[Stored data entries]
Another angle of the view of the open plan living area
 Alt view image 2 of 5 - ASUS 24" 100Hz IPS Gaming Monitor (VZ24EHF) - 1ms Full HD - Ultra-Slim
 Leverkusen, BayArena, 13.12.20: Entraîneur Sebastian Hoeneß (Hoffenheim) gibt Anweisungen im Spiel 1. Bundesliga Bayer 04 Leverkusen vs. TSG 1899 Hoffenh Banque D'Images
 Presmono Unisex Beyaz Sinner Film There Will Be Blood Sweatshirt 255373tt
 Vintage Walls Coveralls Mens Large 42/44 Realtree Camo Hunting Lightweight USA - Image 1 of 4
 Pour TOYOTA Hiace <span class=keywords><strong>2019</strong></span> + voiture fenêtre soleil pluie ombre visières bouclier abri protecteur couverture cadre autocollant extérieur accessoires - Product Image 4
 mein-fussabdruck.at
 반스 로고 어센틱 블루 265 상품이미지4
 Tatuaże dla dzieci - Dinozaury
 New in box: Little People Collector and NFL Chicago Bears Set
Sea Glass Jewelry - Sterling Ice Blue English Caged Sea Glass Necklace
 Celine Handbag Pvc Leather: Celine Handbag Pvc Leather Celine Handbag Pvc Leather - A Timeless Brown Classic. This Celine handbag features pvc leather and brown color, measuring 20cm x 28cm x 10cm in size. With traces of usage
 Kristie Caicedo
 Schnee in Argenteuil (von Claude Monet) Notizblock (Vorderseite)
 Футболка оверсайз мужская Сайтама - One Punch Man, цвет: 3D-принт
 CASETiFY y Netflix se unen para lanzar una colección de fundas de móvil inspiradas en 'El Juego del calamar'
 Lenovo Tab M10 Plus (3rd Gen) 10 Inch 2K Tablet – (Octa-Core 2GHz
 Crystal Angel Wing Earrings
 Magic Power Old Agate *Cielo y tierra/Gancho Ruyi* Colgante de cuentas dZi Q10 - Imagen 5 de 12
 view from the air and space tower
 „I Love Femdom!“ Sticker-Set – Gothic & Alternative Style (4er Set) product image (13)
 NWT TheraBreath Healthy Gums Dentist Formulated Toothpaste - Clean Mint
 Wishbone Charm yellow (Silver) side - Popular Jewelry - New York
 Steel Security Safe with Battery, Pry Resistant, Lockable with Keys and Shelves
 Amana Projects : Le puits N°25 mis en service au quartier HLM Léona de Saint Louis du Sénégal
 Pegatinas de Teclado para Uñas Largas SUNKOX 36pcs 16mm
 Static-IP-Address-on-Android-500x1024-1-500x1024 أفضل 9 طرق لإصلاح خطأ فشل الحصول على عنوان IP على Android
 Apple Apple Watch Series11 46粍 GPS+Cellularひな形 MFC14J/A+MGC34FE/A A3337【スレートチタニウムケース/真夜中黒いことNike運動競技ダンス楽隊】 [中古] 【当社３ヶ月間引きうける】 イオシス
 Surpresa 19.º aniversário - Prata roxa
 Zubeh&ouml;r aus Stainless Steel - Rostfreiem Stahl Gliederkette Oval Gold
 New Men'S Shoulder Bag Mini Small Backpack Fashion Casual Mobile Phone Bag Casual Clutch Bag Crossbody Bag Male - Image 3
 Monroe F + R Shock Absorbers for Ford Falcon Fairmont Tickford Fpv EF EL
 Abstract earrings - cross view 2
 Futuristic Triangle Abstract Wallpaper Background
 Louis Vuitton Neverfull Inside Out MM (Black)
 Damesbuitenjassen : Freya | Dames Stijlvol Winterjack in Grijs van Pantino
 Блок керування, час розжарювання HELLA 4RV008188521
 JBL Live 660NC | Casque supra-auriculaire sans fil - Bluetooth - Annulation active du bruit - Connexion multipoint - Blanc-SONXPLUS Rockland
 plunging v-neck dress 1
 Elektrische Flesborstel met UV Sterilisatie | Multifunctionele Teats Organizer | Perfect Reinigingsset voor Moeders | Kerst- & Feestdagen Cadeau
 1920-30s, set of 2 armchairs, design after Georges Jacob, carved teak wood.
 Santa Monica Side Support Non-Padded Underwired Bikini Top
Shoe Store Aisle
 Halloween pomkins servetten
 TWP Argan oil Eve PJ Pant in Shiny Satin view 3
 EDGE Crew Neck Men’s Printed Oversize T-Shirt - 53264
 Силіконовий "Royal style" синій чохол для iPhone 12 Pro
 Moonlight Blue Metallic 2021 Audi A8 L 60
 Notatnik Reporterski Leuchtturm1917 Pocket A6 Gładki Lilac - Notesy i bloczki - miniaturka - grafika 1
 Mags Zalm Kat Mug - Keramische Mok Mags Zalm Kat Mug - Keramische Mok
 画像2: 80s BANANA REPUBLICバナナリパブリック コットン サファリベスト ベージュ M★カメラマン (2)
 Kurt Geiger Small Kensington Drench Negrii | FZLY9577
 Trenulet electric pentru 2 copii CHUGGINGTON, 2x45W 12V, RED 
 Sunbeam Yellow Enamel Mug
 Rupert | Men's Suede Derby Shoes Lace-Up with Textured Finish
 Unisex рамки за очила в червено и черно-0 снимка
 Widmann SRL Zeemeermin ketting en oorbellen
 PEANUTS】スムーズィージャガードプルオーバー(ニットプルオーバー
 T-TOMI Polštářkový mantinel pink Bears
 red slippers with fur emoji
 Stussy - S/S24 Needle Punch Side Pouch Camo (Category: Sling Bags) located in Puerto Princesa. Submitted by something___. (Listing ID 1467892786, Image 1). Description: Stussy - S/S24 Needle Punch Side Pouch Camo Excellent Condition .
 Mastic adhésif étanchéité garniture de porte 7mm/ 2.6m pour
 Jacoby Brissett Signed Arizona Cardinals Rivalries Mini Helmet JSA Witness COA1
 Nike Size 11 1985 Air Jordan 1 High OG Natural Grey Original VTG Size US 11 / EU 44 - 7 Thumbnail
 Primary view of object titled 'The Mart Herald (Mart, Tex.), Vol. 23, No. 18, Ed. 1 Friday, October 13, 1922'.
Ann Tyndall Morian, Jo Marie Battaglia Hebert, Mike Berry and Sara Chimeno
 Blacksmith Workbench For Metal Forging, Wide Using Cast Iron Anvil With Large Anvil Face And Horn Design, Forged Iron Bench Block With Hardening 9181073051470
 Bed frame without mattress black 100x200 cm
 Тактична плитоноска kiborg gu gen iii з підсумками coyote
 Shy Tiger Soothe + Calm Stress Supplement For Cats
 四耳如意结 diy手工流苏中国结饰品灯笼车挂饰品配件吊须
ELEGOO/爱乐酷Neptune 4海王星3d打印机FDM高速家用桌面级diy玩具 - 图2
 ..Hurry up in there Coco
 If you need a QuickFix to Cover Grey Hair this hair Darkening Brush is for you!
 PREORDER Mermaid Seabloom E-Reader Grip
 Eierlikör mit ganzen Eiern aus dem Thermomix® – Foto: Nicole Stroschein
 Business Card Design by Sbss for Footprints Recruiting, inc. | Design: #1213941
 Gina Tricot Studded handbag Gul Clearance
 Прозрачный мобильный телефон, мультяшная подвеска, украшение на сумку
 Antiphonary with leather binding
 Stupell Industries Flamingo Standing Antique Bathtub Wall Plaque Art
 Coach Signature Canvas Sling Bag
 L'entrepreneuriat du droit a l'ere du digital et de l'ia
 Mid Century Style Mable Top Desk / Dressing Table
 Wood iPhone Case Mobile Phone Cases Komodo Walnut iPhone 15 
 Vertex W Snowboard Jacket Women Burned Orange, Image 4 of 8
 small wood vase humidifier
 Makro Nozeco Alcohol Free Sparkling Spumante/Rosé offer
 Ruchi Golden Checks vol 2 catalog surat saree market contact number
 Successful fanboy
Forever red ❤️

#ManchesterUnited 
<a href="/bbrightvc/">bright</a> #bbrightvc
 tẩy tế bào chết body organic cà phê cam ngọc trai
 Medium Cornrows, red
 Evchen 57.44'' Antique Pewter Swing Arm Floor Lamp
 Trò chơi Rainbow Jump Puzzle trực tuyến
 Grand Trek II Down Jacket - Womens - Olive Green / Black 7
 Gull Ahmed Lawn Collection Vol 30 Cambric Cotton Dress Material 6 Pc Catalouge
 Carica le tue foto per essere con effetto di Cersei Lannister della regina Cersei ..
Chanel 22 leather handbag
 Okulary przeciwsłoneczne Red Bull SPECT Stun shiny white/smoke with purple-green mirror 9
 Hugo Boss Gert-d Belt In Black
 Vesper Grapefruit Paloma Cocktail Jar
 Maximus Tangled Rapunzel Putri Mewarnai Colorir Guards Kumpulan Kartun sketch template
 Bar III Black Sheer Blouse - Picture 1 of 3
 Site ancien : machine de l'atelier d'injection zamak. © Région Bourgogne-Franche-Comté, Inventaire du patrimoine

▶ [WHAT THE EXERCISE ASKS]
Reprint exactly the lines above that start at the one with "in there Coco" and end at the one with "Gina Tricot Studded handbag Gul Clearance", keeping both and adding none.

▶ [SOLUTION]
 ..Hurry up in there Coco
 If you need a QuickFix to Cover Grey Hair this hair Darkening Brush is for you!
 PREORDER Mermaid Seabloom E-Reader Grip
 Eierlikör mit ganzen Eiern aus dem Thermomix® – Foto: Nicole Stroschein
 Business Card Design by Sbss for Footprints Recruiting, inc. | Design: #1213941
 Gina Tricot Studded handbag Gul Clearance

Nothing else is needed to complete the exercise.